- 1 garlic clove
- A thumb of ginger
- 1 chilli
- 1 lime
- 1 carrot
- 2 shallots
- 1 pak choi
- 200g marinated tofu
- 2 bundles of Thai rice noodles
- A handful of makrut lime leaves
- 200ml coconut milk
- 2-3 tbsp tamari
Prep: 15 mins | Cook: 15-20 mins
1. Fill a large pan with water and set on a high heat to come to the boil. Peel and grate the garlic and ginger. Halve and finely chop the chilli, flicking out the white membrane for less heat, if preferred. Finely grate the zest from the lime. Pop all of these in a bowl and set aside.

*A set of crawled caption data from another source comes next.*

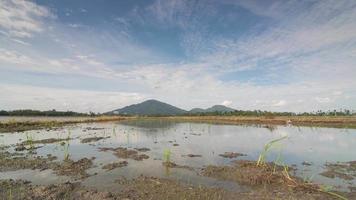 timelapse una nuvola bianca cielo blu video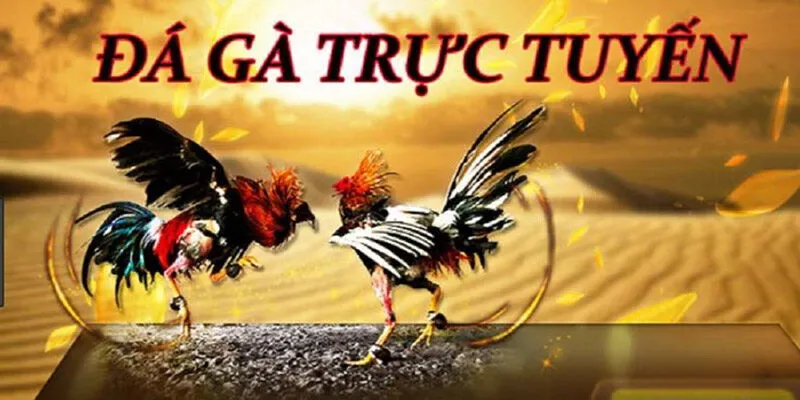 BJ888 Kênh Xem Đá Gà Trực Tiếp Chất Lượng Cao 2025 Chọi gà trực tiếp thu hút người chơi với chất lượng hình ảnh và âm thanh vượt trội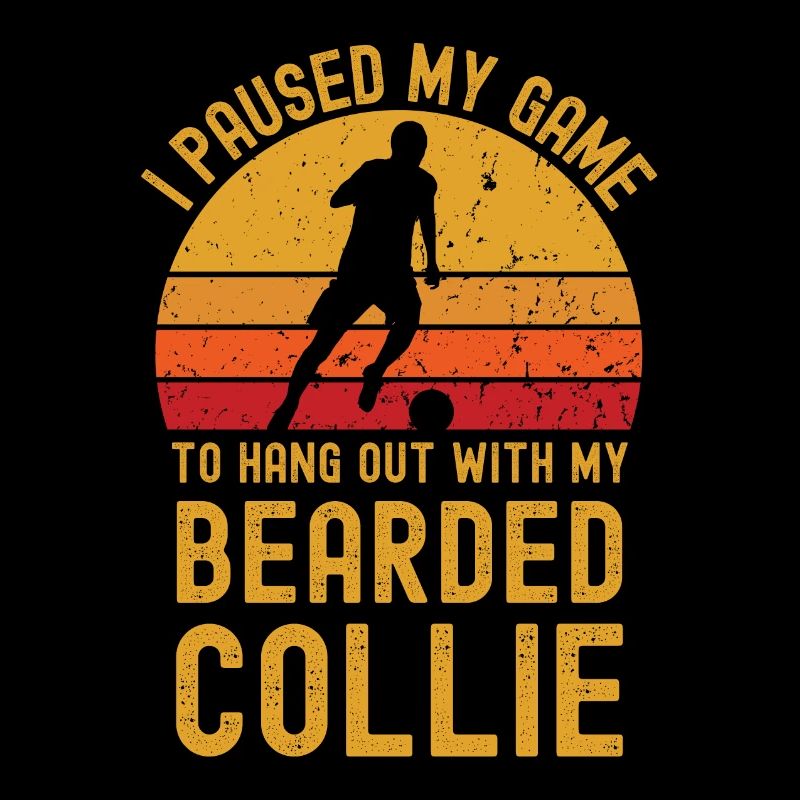 Fußball und Bearded-Collie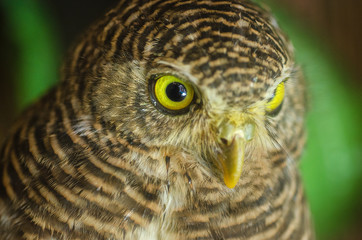  Owl staring with golden eyes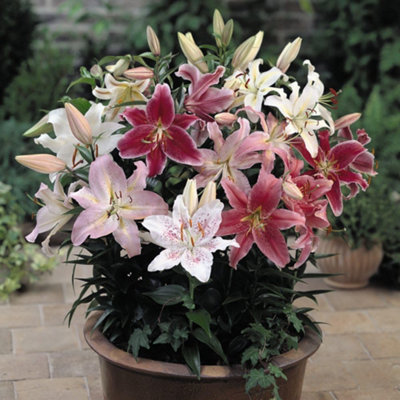Lily Oriental Bumper Mix 100 Bulbs - Summer Flowering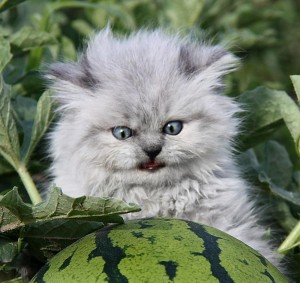 Create meme: evil kitty with a watermelon, cat and watermelon, kitten and a watermelon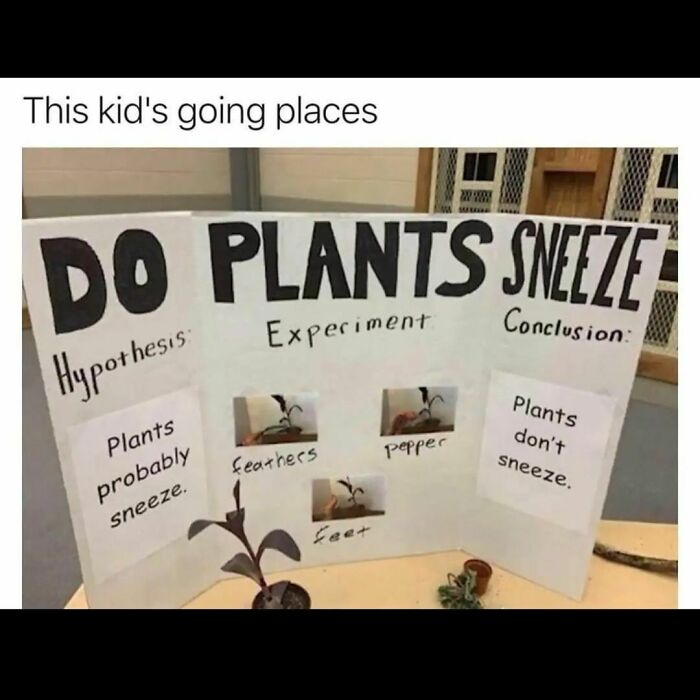 Science meme showing a humorous student project asking if plants sneeze with playful experiment and conclusion.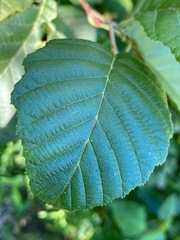 Alnus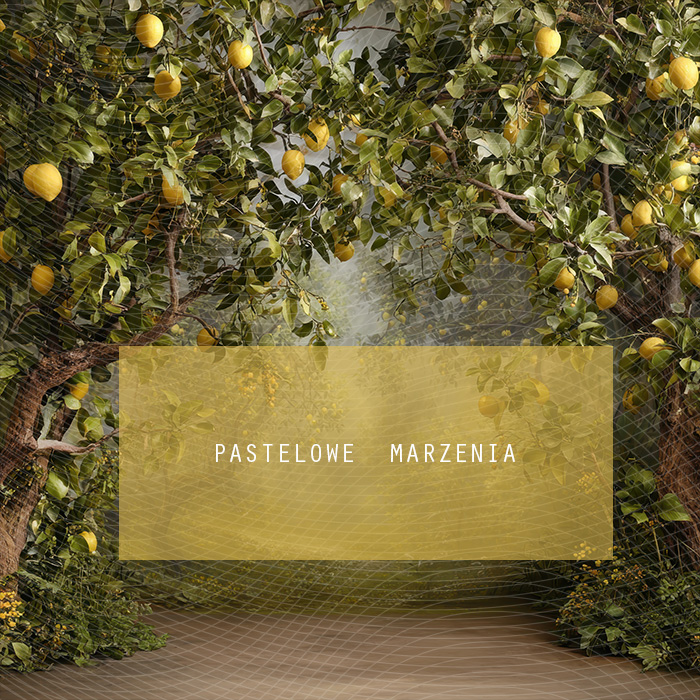 Fabric photographic backdrop from the Fruits category, Frame 250x250 cm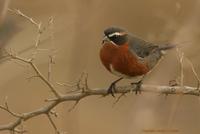 *NEW* Black-and-rufous Warbling-finch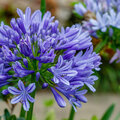 Agapanthus in kuip of in de grond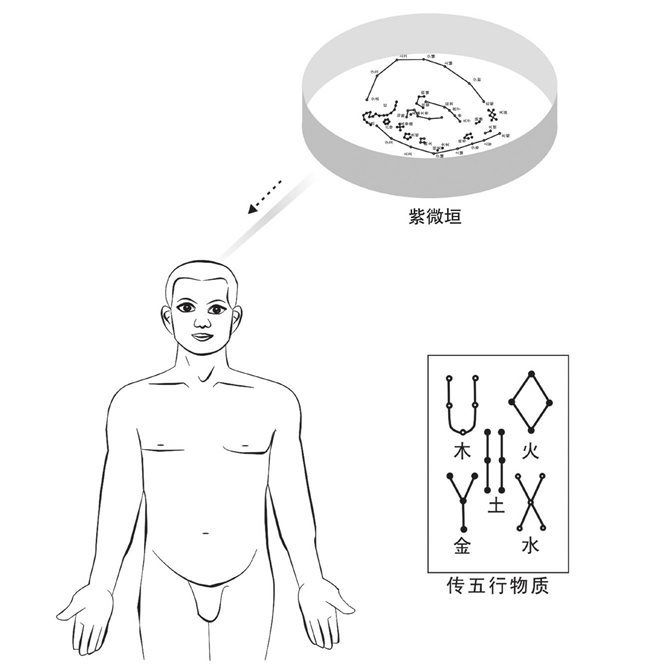 紫微垣给大脑传五行物质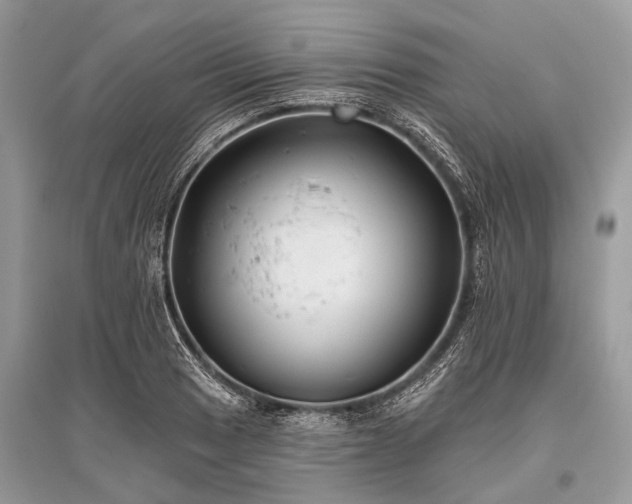 X0000096131033200801251011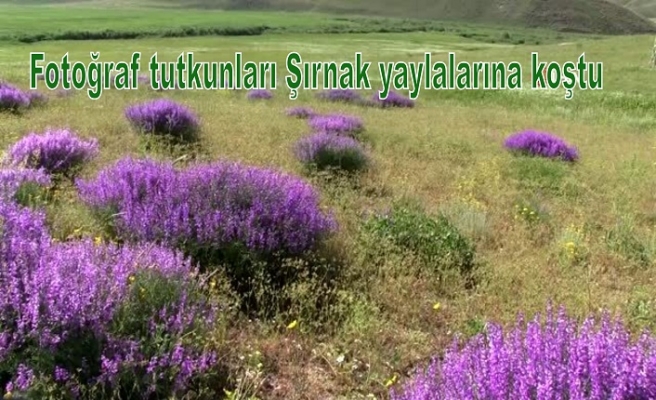 Fotoğraf tutkunları Şırnak yaylalarına koştu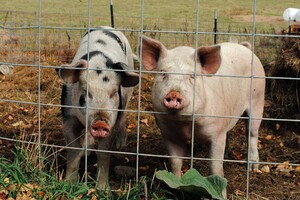 Rein pflanzliche Schweinefutter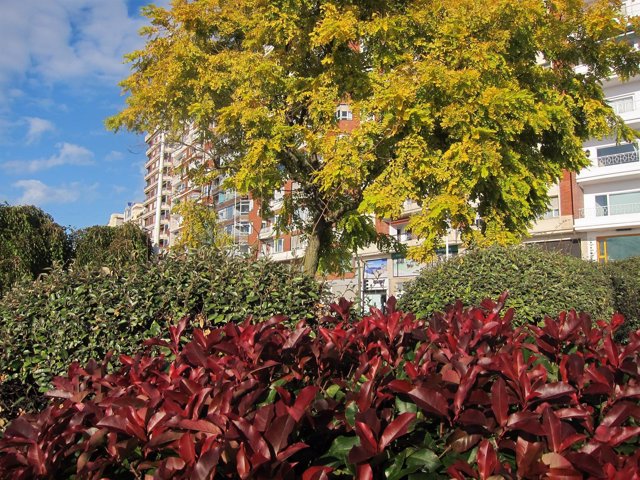 Otoño en Santander                  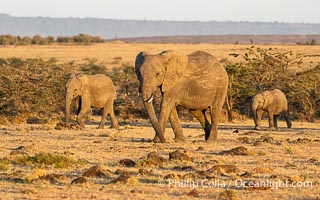 African Elephant Family at Sunrise, Mara North Conservancy, Kenya, Loxodonta africana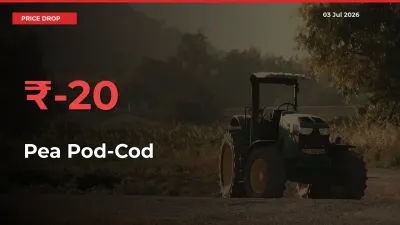 Why Pea Pod-Cod Prices Fell 20.26% in a Day at Mandis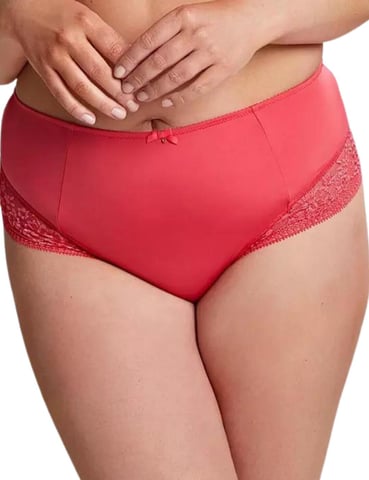 Sculptresse by Panache Roxie High Waist Brief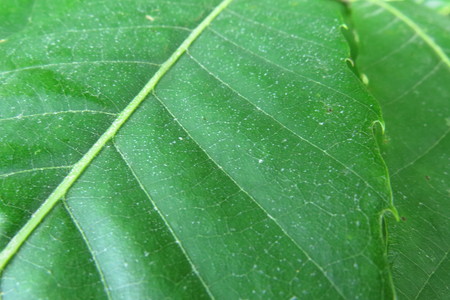  picture  Tamme_kastanje |Castanea_sativa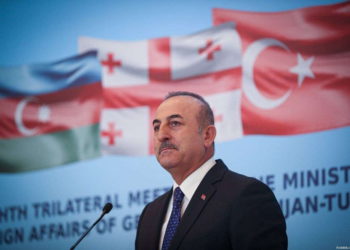 Libia elogia el despliegue de tropas de Turquía
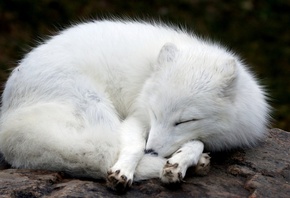 arctic fox, , , ,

2. Trim and peel the carrot. Slice it into finger-length batons. Peel and finely slice the shallots. Separate the pak choi leaves. Finely chop the stalks and shred any really large leaves. Drain the tofu and chop into bite-sized pieces. Fill and boil your kettle.
3. When the water in the pan is boiling, add 2 bundles of the Thai rice noodles to the pan. Simmer for 3 mins, then drain and tip into a bowl. Add a splash of sesame oil and toss to mix — this will help stop them sticking.
4. Set a wok over a high heat. Add 1 tbsp oil and the garlic, ginger, chilli, lime zest and lime leaves. Stir fry for 30 secs to flavour the oil.
5. Add the shallots, carrot and pak choi stems to the wok. Stir fry for 4-5 mins till the veg have softened a little. Add the tofu to the pan.
6. Pour in the coconut milk. Add 2 tbsp tamari and 400ml hot water from the kettle. Bring to the boil, then turn the heat down a little.
7. Add the pak choi leaves to the pan. Simmer for 1-2 mins to wilt them. Add the noodles and swirl everything together. Taste and add more tamari if you think it needs it, or a squeeze of lime juice. Ladle the noodle soup into warm bowls and serve.